Gabriel Makhlouf, Chair of the OECD’s Committee on Fiscal Affairs today released a statement on the organisation’s work on “Harmful Tax Practices” and “Improving The Exchange Of Information”. Mr. Makhlouf said that during the last 2 days, the Committee has reviewed its overall work programme including these two areas (see below).

The Statement also made reference to the close working relationship established with the 11 “committed” jurisdictions, viz. Aruba, Bahrain, Bermuda, Cayman Islands, Cyprus, Isle of Man, Malta, Mauritius, Netherlands Antilles, San Marino, and Seychelles. The Chairman said, *”These jurisdictions have actively participated in the Global Forum Working Group on Effective Exchange of Information, which was established to develop a legal framework that could be used to achieve an effective exchange of information.”*

Reportedly, the Forum’s Working Group has had extensive discussions on the legal, technical and administrative aspects of exchange of information, and the OECD’s Committee on Fiscal Affairs reviewed the status of its work during this week’s meeting. Continued Mr. Makhlouf, *”The valuable contribution made by the committed jurisdictions in this joint endeavour has greatly enhanced this work. The implementation of their commitments will strengthen their role in the international financial system. We look forward to an ongoing involvement of the jurisdictions in our broader dialogue on international tax issues.”*

Statement From OECD Committee on Fiscal Affairs:

Harmful Tax Practices

The Committee welcomes the progress made in taking forward the review of potentially harmful preferential tax regimes in Member countries. The Forum on Harmful Tax Practices will meet in March to discuss this work and to review the application notes with a view to finalising them by June. They will also have a meeting with the Business and Industry Advisory Committee to the OECD.
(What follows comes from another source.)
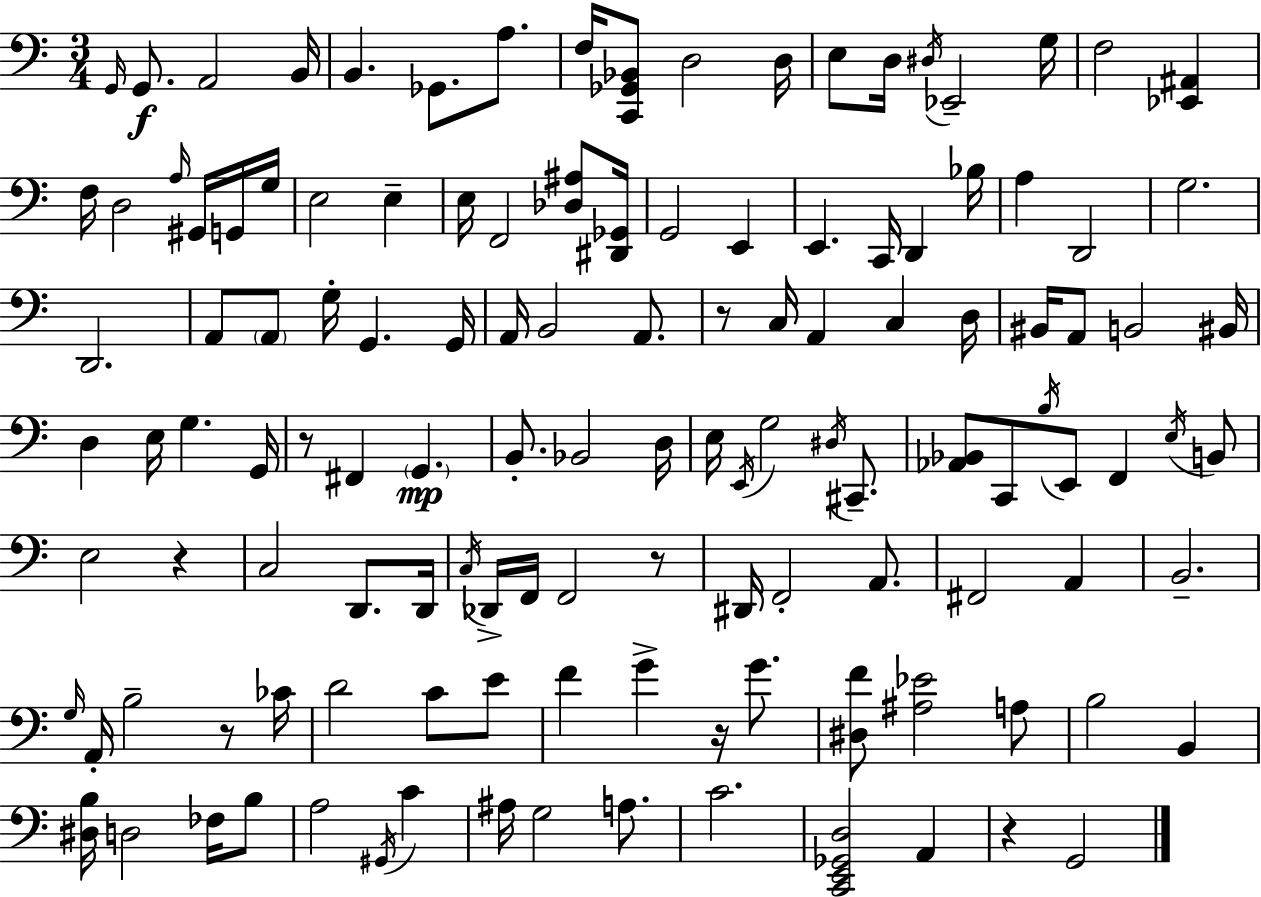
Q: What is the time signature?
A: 3/4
The Committee has decided that its work with non-OECD economies (the second part of this project) will focus in the coming months on financial centres that have not been identified as tax havens. At the same time, the co-operative dialogue with other non-OECD economies is being taken forward by a series of bilateral and multilateral initiatives.

The third part of this project – relating to tax havens – has over the last six months focussed on assisting the uncommitted jurisdictions to have a clearer understanding of what the commitment process involves.
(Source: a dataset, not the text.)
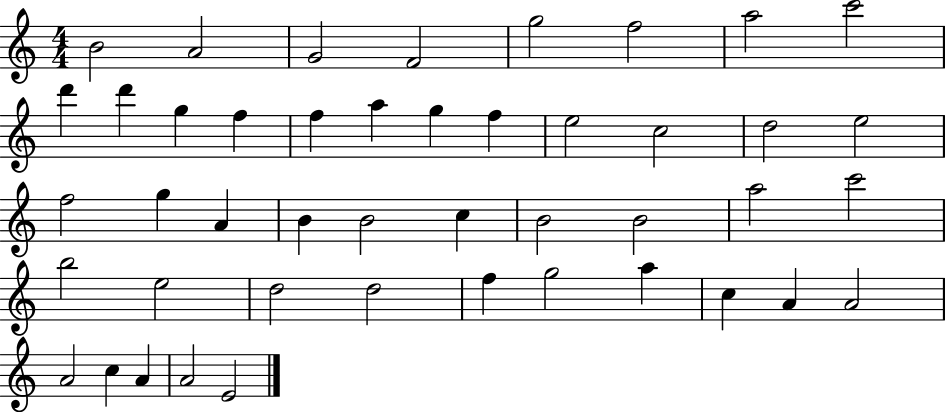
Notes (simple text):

B4/h A4/h G4/h F4/h G5/h F5/h A5/h C6/h D6/q D6/q G5/q F5/q F5/q A5/q G5/q F5/q E5/h C5/h D5/h E5/h F5/h G5/q A4/q B4/q B4/h C5/q B4/h B4/h A5/h C6/h B5/h E5/h D5/h D5/h F5/q G5/h A5/q C5/q A4/q A4/h A4/h C5/q A4/q A4/h E4/h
The Committee has devoted considerable resources to discussions with the uncommitted jurisdictions including visits to the Caribbean, Pacific and other regions. They have enabled us to complete our technical discussions with almost all of these jurisdictions. Considerable progress has been made in developing a common understanding of the project. We believe that all jurisdictions are now well placed to make a decision to commit before the 28 February 2002 to improve the transparency of their tax and regulatory systems and establish effective exchange of information.
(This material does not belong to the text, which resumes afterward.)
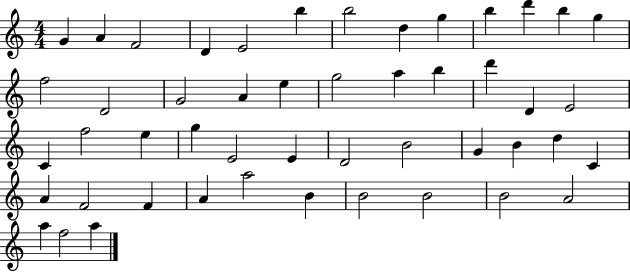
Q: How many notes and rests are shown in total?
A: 49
Improving The Exchange of Information Between Tax Authorities

For over more than three decades the Committee has worked towards improving the exchange of information between tax authorities.

Effective exchange of information is needed for tax authorities to be able to enforce their own tax laws in an increasingly globalised world. To advance further in this area, the Committee has decided to give a new mandate to its Working Party on Tax Evasion and Avoidance to undertake a fundamental review of Article 26 of the OECD Model Convention – this is the article which deals with Exchange of Information – to ensure that it reflects the experiences of countries over the last two decades and incorporates recent developments in this area.